Quel nouveau cadre législatif pour les noms de domaine en .fr?

L’article L45 du Code des postes et communications électroniques régit le nommage des noms de domaine en .fr.

Dans une décision du 6 octobre dernier, le Conseil Constitutionnel a déclaré que l’article L45 du Code des postes et communications électroniques est contraire à la Constitution (décision n°2010-45 QPC du 6 octobre 2010).  

Cette décision ne sera effective qu’à partir du 1er juillet 2011. En effet, « l’abrogation immédiate de cet article aurait, pour la sécurité juridique, des conséquences manifestement excessives;… dès lors, il y a lieu de reporter au 1er juillet 2011 la date de son abrogation pour permettre au législateur de remédier à l’incompétence négative constatée ». Le législateur doit donc adopter une nouvelle rédaction du texte avant le 1er juillet 2011, date à laquelle l’article L45 sera abrogé.

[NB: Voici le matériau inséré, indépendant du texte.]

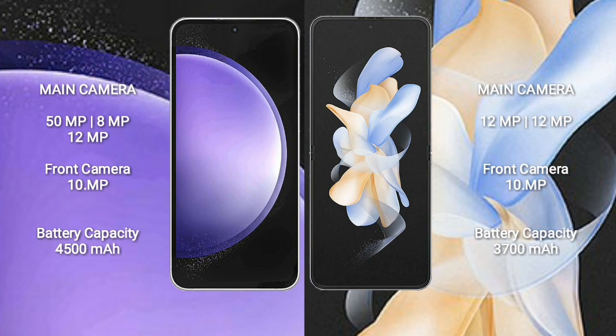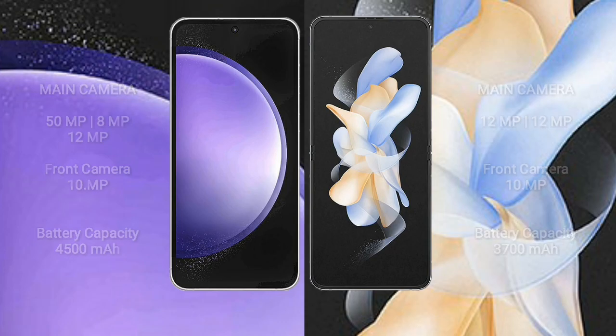Samsung Galaxy Z Flip 4 features a rear dual camera setup: 12MP plus 12MP, with a 10MP front camera. Samsung Galaxy S23 FE has a 4500mAh battery with 25W fast charging support, while the Galaxy Z Flip 4 has a 3700mAh battery with 25W fast charging support.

La commission des affaires économiques de l’Assemblée Nationale doit examiner le  projet de loi portant adaptation de la législation au droit de l’Union européenne en matière de santé, travail et communications électroniques.

A cette occasion, le député de la Haute-Savoie Lionel Tardy a introduit une proposition d’amendement pour rendre l’article L45 du Code des postes et communications électroniques conforme à la Constitution. L’amendement a été adopté le 30 novembre dernier en Commission des Affaires Economiques, avec un sous-amendement de précision rédactionnelle. La Commission des affaires sociales devait se réunir le 8 décembre. Si elle adopte cet amendement, il sera intégré au texte soumis à discussion en séance publique. Il faut désormais attendre le compte-rendu de la Commission.

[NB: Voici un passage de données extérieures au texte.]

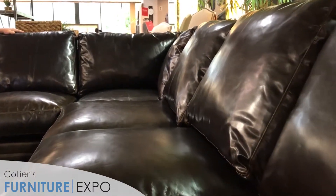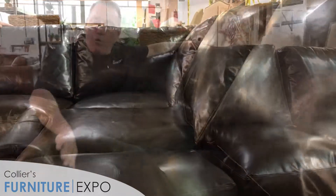It's a wax pull-up leather, and the Sedona always comes with a rounded arm. The option we'll show you later is one called the Napa. This can come with a track arm or a square arm, which we'll show you in a later video.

Le texte est divisé en six sections :

–          La section I précise le champ d’application de l’article. Le texte dispose que le ministre chargé des communications électroniques désigne l’office d’enregistrement.

–          La section II précise quels types de noms ne seront pas enregistrés. Il s’agit des noms de domaine dont l’enregistrement porte atteinte notamment aux principes de dignité, de liberté de la propriété d’autrui, de sauvegarde de l’ordre public. Les noms de domaine contenant les termes « République française », des noms de communes, d’institutions nationales, le nom d’un titulaire de mandat électoral,…seront également refusés à l’enregistrement.

–          La section III précise les modalités de suppression de l’enregistrement d’un nom par l’Office. La fourniture de données inexactes lors de l’enregistrement peut notamment entraîner sa suppression.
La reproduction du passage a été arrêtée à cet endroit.